To get this document will cost me €200 plus vat.

Whats this document for and why is it so expensive?


----------



## ClubMan (5 Apr 2006)

Are you sure it's not [broken link removed]?


----------



## agencydude (5 Apr 2006)

Hi Clubman,
Thanks for reply. The solicitor definitely said 'capital gains tax' in the  letter.

I'll have to ask them is this what they really mean.

cheers


----------



## ClubMan (5 Apr 2006)

I remember my mother having to obtain a certificate of clearance for Capital Taxes (which I presume covers _Capital Gains _and _Capital Acquisition Tax _including _Gift Tax _and _Inheritance Tax_) from the _Capital Taxes Division of Revenue _in _Dublin Castle _if I recall correctly) in relation to my father's estate after he died. Perhaps it's a general capital taxes clearance cert to show that nothing is owed? Not sure why a house sale price of €500K. Your solicitor really should be able to explain this better to you.


----------



## xeresod (6 Apr 2006)

agencydude said:
			
		

> I'm currently selling my house . I got a letter from my solicitor today to say I have to get a certificate of discharge from capital gains tax as I sold my house for over €500k.
> 
> To get this document will cost me €200 plus vat.
> 
> Whats this document for and why is it so expensive?


 
Sounds like it may be CG50A tax clearance certificate which is required when a person is disposing of an asset where the consideration exceeds €500,000 or else 15% of the sale price will be withheld and passed onto Revenue.

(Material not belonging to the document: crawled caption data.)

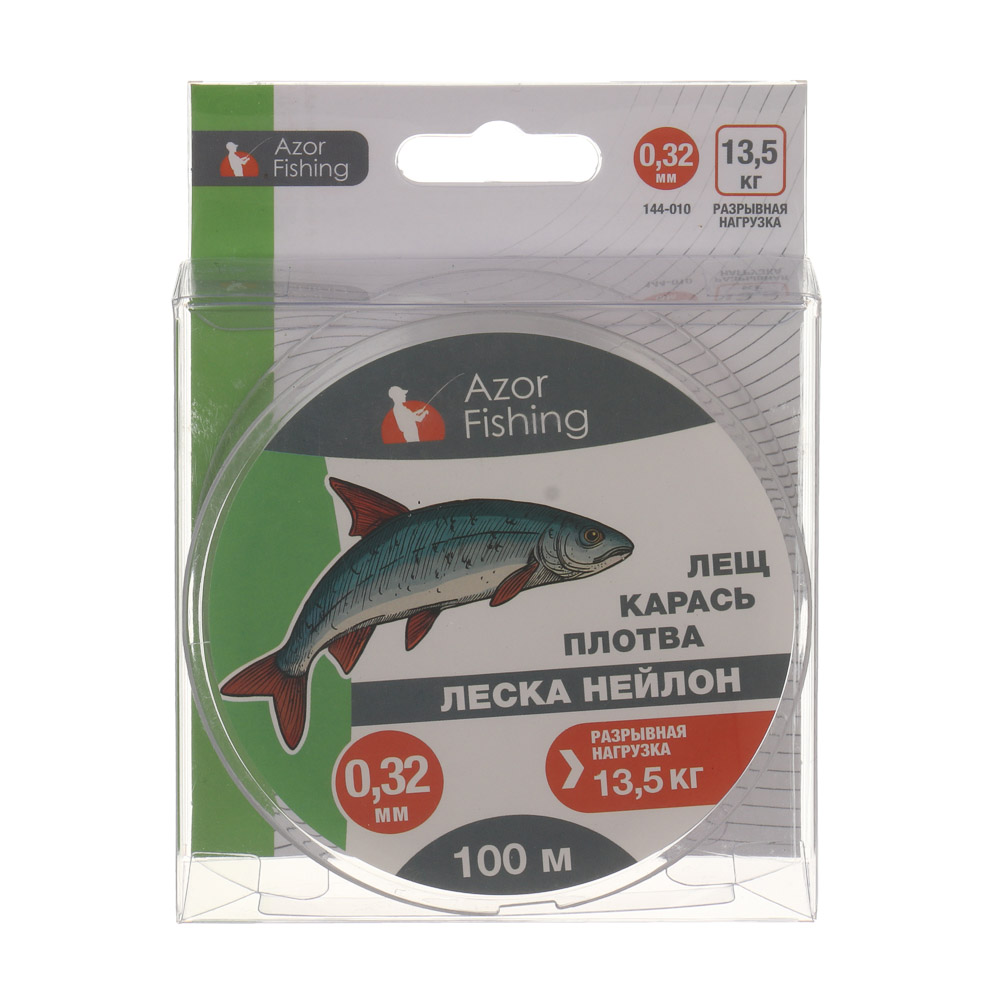 Леска "Лещ, Карась, Плотва" тм AZOR FISHING, нейлон, 100м, 0,32мм, 13,5кг, прозрачный - #6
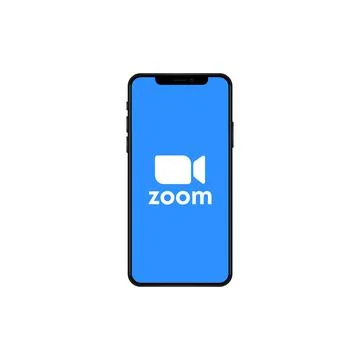 Zoom interface logo on a iphone 12 pro screen. Editorial vector Illustrazione stock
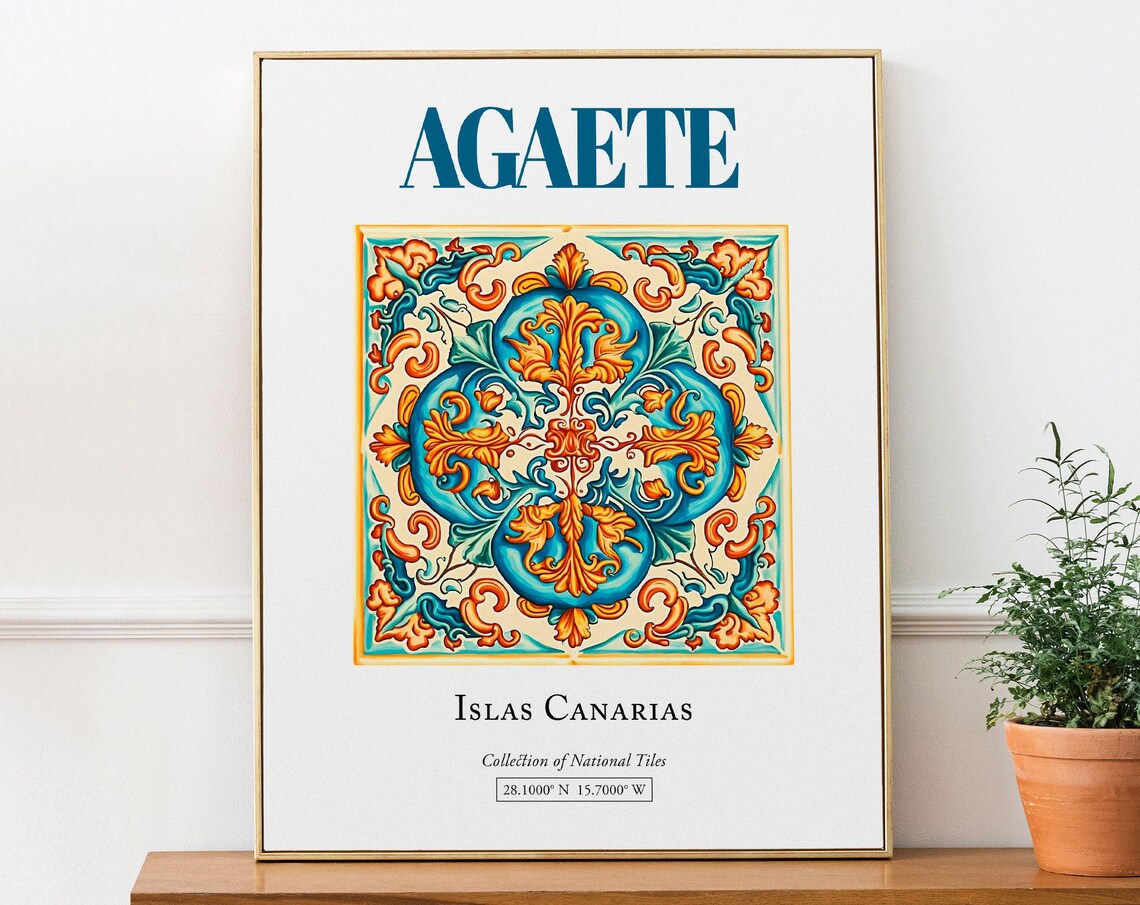 Agaete Islas Canarias Spain Folk Tile Travel Poster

Basically, you give details of the asset on Form CG50 citing one of the following conditions;

The person making the disposal is Resident in the State 
No Capital Gains Tax is payable in respect of the disposal
The Capital Gains Tax Liability has been paid

Which in your case would be condition 1. You still need to submit your CGT return and payment as normal but this certificate will prevent 15% of the full sale price being withheld. 

Here is the form [broken link removed]. See pages 27 & 28 of this guide for more information http://www.revenue.ie/leaflets/cgt1.pdf.

Note, _*there is no charge for this*_, you just submit the fully completed form along with a copy of the contract of sale to your normal Revenue office and receive the certificate back from them by post. The charge of €200 must be what your solicitor is going to charge you for this relatively simple issue, which you could easily do yourself.



			
				ClubMan said:
			
		

> Not sure why a house sale price of €500K.


 
This is standard and applies to all assets over that threshold including peoples PPR's (in which case condition 2 above applies). Up until a couple of years ago it used to be €250,000 but Revenue were getting so many applications for the clearance certificate just from the sale of PPR's that the threshold was increased, but seeing what house prices are at now it really needs to be incresed again!


----------



## ClubMan (6 Apr 2006)

Thanks _xeresod_.


----------



## agencydude (6 Apr 2006)

Thanks very much _xeresod_.

Can you confirm if the copy of the sales contract has to be fully signed when sending it into revenue??


----------